I took a break for the Olympics plus I needed to put this aside because I wasn't seeing anything new. Now it's time to lock in the design a deadline is looming.

I decided that it was too weighted at the bottom with the lunch boxes, that the woman looking over her shoulder was out of scale and added an unnecessary element (although I like the idea of her looking over her shoulder and it was hard to give that up).

I also thought that two hands at the top were unnecessary and it threw the composition out of balance instead I moved the clock up a tad and repositioned the woman with the vacuum.

Still not completely convinced I got it but time is of the essence and once I finish painting the border and add it I may feel differently.


Moving forward

Continuing work on a yet untitled piece. I believe I have resolved some design issues for now and am moving ever closer to locking in the design and constructing the quilt top.

Darkening the red in the border made a tremendous difference.

I added some additional symbolism and I am beginning to understand where this piece is going as i work through my ideas. Although my work is essentially conceptual I strive to be intuitive in execution. It's beginning to feel like it has a focus and direction which means it is time to put is aside for only a short while. Too many deadlines ahead.

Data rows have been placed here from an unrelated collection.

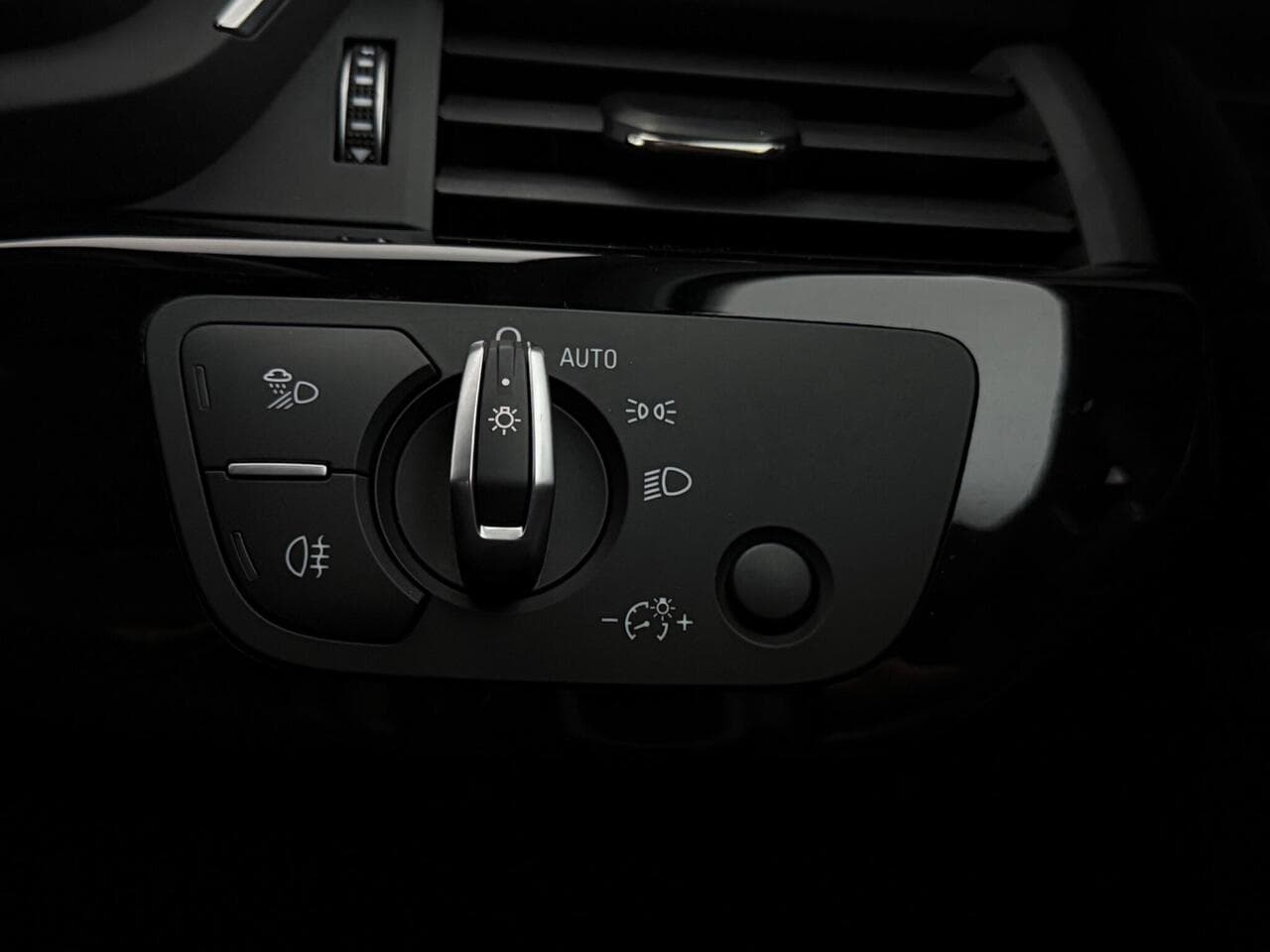 Audi A4 Avant thumbnail Misc Controls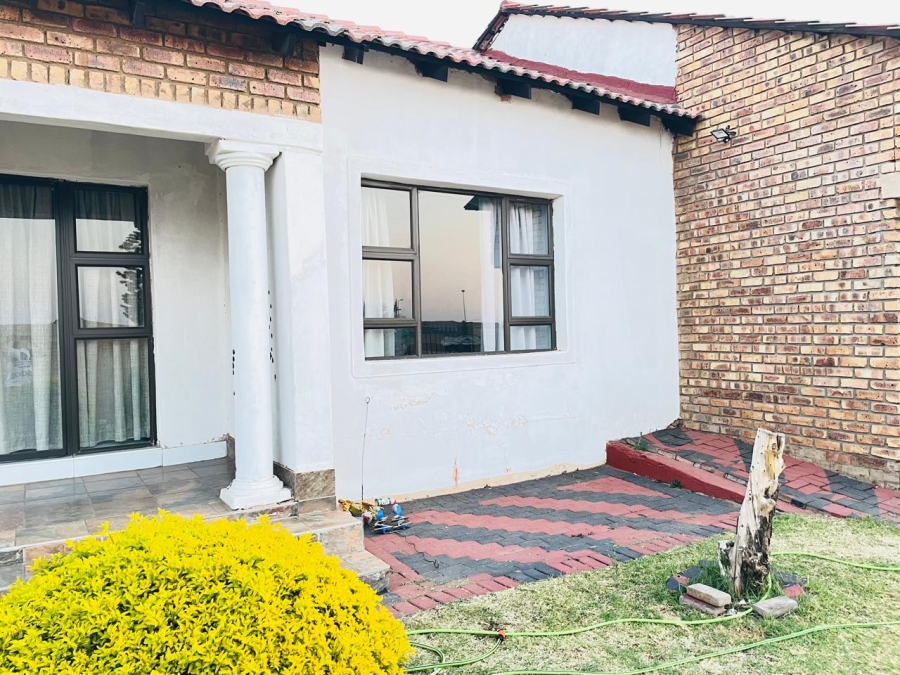 4 Bedroom Property for Sale in Soshanguve H Gauteng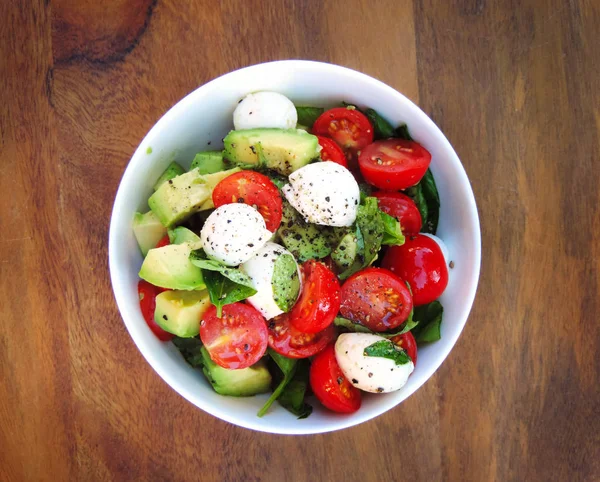 Frischer Salat mit Avocadoscheiben — Stockfoto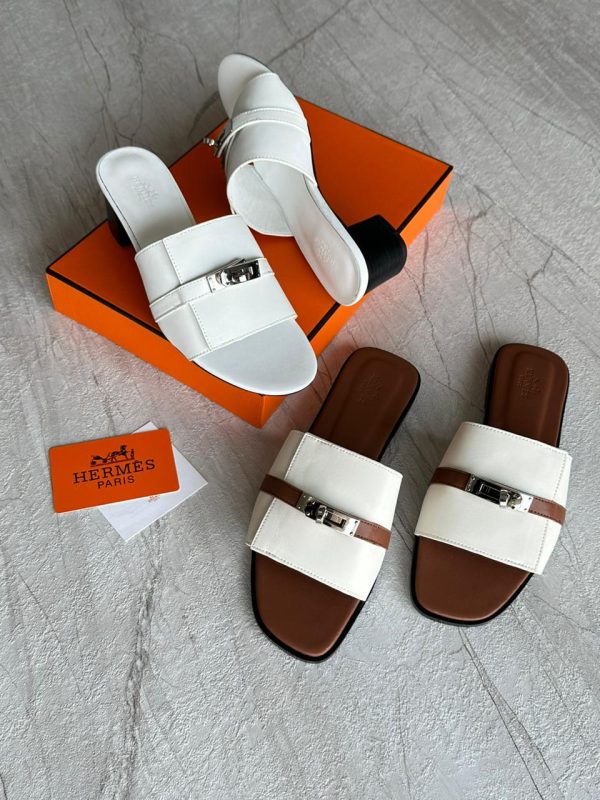 Hermes Giulia Flat Sandals In Calfskin - Image 9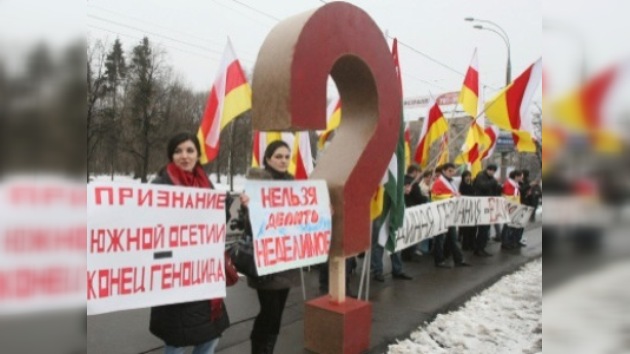 El Parlamento bielorruso aplazó el examen del reconocimiento a la primavera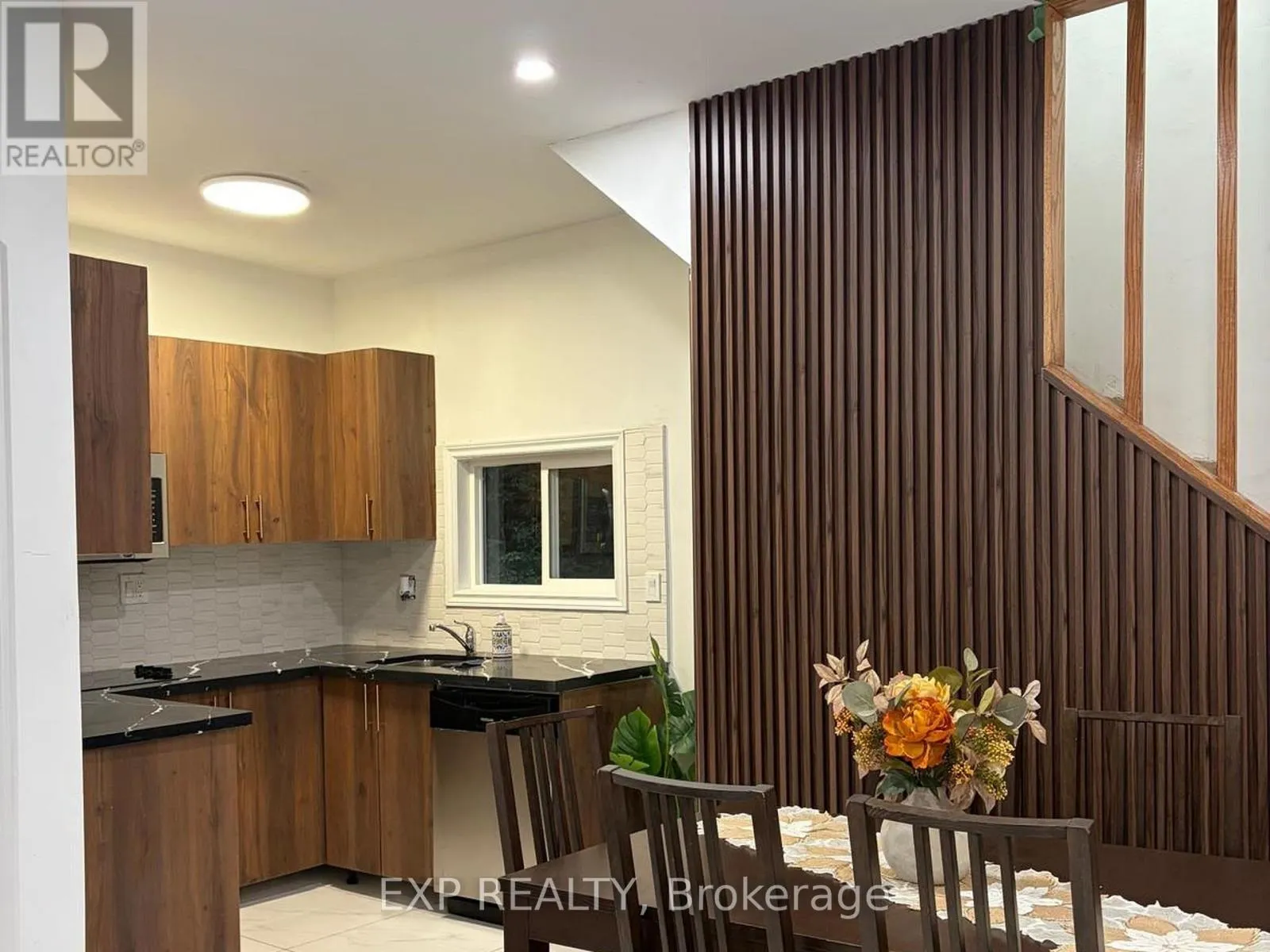 137 OLD NORTH ROAD S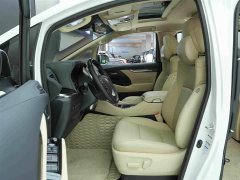Mercedes-Benz 2.5L Premium Edition - фото 11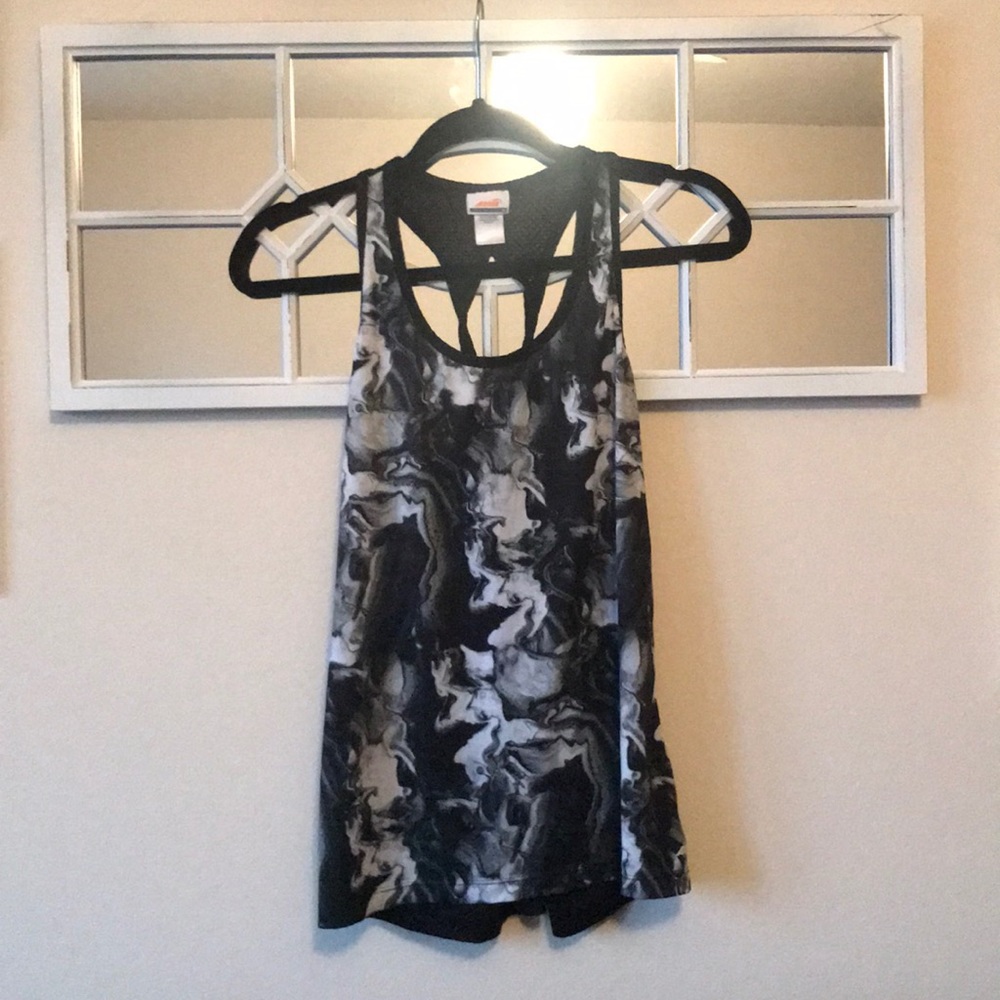 Black and white marble workout top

Associated Artists of Pittsburgh is 100 this year.


Work in progress

I'm working on the composition of a piece. I'm always playing with movement using the structure of a border which is the exterior, and the collage, the interior. Sometimes the interior breaks through to the border sometimes not. In this piece there is no break through from a conceptual point of view.

There is the question of whether or not I am attempting to use too many symbols to convey what I mean does it just become chaotic and the composition loses focus?

Three different ways of looking at it.